I use Brembo crossdrilled/slotted rotors I bought from Forum Racing for $180 with stock calipurs, they are good enough for me  they look good, I don't really notice a difference tho from every day driving, I never tracked my car, with stock brakes or brembos to really know..... I don't really care about performance anyway ;( my car is fast enough, I beat every other car I ever raced.... I had some dude surprised on tuesday cause he had his Rustang GT and told me my car was fast @ the red light cause he saw me gunnin it about 300 yards back... I thought nothing of it but come green light he punched it i guess he wanted to race so I had like a 1 sec delay but by the time I hit 3rd I was already ahead of him even with his head start  then I had to turn off and he just kinda threw up a peace sign shaking his head in shame


----------



## scopedog (Jun 15, 2003)

I dont have ABS either. What kind of feedback were you expecting? I think its great for a 4 wheel disc none ABS car.


----------



## sr20dem0n (Mar 19, 2003)

scopedog said:


> *I dont have ABS either. What kind of feedback were you expecting? I think its great for a 4 wheel disc none ABS car. *


ditto, the first time I ever drove it I just about sent myself and my dad through the windshield. They're very responsive and powerful, just go drive a truck for a day and come back to it. Also, I consider ANY stock brakes that can do a panic stop from 100+ to 0 with ZERO fade pretty damn good stock brakes, especially for a sub-$15k car (in my case)


----------



## FletchSpecV (Nov 26, 2002)

sr20dem0n said:


> *ditto, the first time I ever drove it I just about sent myself and my dad through the windshield. They're very responsive and powerful, just go drive a truck for a day and come back to it. Also, I consider ANY stock brakes that can do a panic stop from 100+ to 0 with ZERO fade pretty damn good stock brakes, especially for a sub-$15k car (in my case) *


I agree. I personally can't stand ABS. I feel like you have less control because even though you can steer you aren't stopping, . Besides, you've never heard anyone say that ABS brakes are _better_ just that they allow you to turn while braking. I love my spec's brakes. Later,
Fletch


----------



## Greymulkin (Jun 27, 2003)

Yo CornNut where is this Forum Racing website. 

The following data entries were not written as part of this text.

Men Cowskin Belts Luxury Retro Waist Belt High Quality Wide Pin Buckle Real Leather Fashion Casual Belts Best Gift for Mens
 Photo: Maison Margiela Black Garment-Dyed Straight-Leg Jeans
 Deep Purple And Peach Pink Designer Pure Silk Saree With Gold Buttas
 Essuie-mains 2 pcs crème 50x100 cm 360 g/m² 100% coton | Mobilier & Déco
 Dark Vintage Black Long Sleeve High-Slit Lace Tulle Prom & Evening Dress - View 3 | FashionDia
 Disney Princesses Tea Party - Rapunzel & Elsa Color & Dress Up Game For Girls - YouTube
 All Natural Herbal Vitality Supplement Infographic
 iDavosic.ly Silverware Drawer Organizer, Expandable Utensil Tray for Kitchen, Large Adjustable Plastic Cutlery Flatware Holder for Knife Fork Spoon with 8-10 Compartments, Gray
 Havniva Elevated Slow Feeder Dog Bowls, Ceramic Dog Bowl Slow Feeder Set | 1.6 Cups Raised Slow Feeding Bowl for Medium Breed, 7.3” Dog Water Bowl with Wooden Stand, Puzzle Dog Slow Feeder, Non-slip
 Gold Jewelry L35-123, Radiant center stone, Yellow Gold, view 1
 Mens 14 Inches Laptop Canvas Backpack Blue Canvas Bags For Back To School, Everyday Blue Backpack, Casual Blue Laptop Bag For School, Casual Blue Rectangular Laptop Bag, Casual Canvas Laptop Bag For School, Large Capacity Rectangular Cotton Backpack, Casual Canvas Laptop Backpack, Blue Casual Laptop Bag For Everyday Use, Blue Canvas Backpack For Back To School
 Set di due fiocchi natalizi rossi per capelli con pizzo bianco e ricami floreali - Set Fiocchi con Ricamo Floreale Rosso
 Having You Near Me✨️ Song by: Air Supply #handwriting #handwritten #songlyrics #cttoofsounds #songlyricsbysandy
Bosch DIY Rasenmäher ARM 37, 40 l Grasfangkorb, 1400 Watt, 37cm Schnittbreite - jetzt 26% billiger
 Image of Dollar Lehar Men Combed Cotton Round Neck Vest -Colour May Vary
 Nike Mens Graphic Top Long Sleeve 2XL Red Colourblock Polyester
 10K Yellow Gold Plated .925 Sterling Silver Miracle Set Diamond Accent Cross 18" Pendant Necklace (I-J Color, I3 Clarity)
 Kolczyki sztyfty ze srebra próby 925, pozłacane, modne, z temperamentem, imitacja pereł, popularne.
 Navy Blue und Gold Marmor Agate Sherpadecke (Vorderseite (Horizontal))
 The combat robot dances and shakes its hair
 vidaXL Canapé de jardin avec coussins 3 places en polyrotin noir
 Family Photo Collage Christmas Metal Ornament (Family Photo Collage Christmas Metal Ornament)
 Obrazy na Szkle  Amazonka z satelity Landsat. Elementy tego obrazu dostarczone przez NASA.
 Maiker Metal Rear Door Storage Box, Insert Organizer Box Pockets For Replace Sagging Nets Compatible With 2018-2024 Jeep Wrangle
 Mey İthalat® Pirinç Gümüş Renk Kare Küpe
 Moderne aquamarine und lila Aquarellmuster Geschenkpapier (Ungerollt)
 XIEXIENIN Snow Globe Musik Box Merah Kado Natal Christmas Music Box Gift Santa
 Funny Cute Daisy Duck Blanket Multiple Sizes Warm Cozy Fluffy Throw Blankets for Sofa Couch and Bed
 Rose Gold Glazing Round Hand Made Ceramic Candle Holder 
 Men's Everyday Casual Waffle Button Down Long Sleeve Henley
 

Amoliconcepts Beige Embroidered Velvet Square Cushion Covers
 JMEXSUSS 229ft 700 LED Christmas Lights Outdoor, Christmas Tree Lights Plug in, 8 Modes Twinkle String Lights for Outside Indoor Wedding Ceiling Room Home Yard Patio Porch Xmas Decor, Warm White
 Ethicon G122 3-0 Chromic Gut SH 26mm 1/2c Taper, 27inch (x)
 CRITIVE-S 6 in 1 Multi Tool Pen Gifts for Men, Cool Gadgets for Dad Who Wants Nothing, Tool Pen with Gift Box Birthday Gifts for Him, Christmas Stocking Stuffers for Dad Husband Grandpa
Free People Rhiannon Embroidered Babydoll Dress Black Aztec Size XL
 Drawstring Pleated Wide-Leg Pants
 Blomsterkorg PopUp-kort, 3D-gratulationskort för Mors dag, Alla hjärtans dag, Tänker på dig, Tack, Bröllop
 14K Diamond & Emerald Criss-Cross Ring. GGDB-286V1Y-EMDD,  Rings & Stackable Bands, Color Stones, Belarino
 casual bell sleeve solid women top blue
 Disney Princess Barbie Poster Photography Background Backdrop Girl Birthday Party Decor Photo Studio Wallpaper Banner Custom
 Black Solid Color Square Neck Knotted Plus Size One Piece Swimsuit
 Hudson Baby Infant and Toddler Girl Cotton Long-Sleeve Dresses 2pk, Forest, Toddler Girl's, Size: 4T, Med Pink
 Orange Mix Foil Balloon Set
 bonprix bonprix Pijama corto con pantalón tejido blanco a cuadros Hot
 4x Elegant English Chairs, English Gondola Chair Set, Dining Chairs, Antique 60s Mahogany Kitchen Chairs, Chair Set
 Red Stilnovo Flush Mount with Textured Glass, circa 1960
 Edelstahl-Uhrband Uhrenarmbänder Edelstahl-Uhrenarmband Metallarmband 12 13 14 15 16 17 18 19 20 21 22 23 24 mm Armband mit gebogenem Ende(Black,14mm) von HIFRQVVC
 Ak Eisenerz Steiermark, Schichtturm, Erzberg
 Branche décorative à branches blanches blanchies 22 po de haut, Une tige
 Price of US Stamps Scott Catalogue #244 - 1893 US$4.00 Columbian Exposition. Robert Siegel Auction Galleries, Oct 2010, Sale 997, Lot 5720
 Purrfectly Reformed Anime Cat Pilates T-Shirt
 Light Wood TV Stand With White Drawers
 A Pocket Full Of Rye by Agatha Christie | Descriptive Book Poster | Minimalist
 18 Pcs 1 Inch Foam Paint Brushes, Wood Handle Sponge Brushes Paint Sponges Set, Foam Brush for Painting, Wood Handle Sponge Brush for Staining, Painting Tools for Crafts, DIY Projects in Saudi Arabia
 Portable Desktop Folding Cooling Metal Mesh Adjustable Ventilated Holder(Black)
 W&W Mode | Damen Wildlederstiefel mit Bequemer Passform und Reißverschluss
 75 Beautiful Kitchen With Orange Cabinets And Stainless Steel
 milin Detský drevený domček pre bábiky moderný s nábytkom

I want to get the same rotors as u!!!!!!!!

AAAAAAAAAAAAAAAAAAA!!!!!!!!!!


----------



## HATEnFATE (Dec 24, 2002)

Nissan designed the new SE-R like that Because they wanted ALL the Nissans to look alike and have a family resemblence...STUPID DESICION...I think Nissan killed their auto sales for 04....hopefully people will see past Nissan stupididty and buy the car and then QUICKLY put on an aftermarket body kit----it just saddens me that a company would kill such a great design..........(Nissan calls the Grill "the Nissan TOOTH", whats up with that? I don't want a bucked-tooth car!)


----------



## CorNut (Apr 6, 2003)

well, i actually bought them through ebay from forum racing... but, I went down there and checked out their factory and hung out a bit when I went to get them... I also had them zinc/silver plate my rotors... here is a link to one of their auctions... http://cgi.ebay.com/ebaymotors/ws/eBayISAPI.dll?ViewItem&category=33564&item=2423265971 I know a lot of people are afraid of ebay but everything I ever did to my car is from ebay  these ppl r legit too, btw, i bet I can get them for less than 180......


----------